# WORK TO COMPLETE:
Only these lines of the data below are wanted: the one with "And here it", the one with "Like what you", and any lines between them, each repeated exactly.

'''

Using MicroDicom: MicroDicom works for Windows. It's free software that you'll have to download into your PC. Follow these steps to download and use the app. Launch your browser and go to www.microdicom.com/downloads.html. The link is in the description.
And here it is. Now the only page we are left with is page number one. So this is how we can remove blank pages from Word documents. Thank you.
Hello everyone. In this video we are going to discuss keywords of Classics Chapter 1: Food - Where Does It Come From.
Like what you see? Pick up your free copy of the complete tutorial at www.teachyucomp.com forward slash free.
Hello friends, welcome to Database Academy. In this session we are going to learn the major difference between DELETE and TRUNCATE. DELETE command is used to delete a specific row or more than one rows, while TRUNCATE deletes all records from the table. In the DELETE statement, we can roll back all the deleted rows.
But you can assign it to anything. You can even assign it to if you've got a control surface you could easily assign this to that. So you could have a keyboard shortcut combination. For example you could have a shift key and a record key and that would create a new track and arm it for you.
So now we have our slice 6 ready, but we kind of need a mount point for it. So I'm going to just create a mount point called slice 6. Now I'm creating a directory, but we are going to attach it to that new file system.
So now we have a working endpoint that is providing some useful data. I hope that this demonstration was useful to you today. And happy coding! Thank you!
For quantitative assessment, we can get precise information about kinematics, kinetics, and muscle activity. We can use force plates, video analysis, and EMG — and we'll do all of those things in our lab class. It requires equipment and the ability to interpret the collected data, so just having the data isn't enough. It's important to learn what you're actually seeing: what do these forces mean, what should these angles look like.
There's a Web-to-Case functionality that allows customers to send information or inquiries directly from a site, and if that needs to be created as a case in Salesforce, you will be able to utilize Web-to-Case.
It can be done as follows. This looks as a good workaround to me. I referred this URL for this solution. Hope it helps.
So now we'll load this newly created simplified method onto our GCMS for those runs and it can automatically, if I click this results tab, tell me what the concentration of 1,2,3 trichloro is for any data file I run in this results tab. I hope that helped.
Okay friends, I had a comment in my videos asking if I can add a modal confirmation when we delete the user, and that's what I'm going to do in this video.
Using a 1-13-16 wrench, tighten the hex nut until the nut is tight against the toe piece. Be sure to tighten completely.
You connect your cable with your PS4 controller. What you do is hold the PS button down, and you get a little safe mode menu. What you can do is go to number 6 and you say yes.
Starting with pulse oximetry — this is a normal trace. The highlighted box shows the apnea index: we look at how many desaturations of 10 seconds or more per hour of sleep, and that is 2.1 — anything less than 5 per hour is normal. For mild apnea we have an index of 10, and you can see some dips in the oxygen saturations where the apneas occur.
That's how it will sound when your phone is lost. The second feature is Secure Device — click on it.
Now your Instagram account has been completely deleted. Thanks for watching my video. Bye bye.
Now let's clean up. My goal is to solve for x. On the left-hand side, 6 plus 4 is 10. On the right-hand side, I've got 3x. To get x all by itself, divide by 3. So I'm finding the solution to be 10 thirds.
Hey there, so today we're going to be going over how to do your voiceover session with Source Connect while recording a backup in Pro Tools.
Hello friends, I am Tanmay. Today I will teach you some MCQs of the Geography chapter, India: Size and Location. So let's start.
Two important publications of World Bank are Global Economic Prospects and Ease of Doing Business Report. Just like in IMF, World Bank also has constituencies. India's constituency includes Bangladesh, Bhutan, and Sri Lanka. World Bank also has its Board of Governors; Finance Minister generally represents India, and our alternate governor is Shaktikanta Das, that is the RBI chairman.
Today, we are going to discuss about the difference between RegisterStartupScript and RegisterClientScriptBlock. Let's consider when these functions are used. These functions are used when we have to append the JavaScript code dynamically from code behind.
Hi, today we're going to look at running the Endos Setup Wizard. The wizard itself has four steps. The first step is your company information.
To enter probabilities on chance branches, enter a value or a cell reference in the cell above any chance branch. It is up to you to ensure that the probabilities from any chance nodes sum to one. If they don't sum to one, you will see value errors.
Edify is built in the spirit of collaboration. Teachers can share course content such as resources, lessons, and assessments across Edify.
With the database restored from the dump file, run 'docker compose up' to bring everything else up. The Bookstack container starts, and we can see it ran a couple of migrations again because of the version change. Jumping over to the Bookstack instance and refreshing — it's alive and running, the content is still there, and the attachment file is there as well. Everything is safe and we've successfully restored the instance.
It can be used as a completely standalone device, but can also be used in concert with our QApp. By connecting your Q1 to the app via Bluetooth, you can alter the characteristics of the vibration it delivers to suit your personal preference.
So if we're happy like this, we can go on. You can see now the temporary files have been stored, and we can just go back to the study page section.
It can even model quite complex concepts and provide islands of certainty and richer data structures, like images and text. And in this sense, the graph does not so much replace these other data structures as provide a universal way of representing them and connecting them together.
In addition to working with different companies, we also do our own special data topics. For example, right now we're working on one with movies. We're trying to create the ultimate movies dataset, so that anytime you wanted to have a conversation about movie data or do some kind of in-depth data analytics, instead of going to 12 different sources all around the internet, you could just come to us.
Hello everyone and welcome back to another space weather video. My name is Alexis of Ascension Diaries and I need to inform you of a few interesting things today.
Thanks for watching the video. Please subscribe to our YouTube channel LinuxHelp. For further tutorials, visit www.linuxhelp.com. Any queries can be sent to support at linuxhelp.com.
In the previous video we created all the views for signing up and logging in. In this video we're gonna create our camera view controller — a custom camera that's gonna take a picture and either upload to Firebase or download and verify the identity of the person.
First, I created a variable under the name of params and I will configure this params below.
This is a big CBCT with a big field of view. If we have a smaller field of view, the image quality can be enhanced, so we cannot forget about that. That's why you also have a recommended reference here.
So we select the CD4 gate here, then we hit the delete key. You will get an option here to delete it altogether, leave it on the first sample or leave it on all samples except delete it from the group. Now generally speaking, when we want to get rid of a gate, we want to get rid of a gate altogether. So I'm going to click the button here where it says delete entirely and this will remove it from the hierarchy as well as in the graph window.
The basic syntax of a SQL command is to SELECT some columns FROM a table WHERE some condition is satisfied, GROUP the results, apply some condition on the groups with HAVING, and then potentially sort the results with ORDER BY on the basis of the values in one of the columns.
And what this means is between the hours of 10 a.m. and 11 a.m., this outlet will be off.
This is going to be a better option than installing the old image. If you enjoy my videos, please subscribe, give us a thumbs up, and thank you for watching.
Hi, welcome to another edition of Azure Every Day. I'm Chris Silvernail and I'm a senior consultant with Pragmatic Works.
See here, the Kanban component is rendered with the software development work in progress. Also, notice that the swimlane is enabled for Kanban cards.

'''

# SOLUTION TO THE PROBLEM:
And here it is. Now the only page we are left with is page number one. So this is how we can remove blank pages from Word documents. Thank you.
Hello everyone. In this video we are going to discuss keywords of Classics Chapter 1: Food - Where Does It Come From.
Like what you see? Pick up your free copy of the complete tutorial at www.teachyucomp.com forward slash free.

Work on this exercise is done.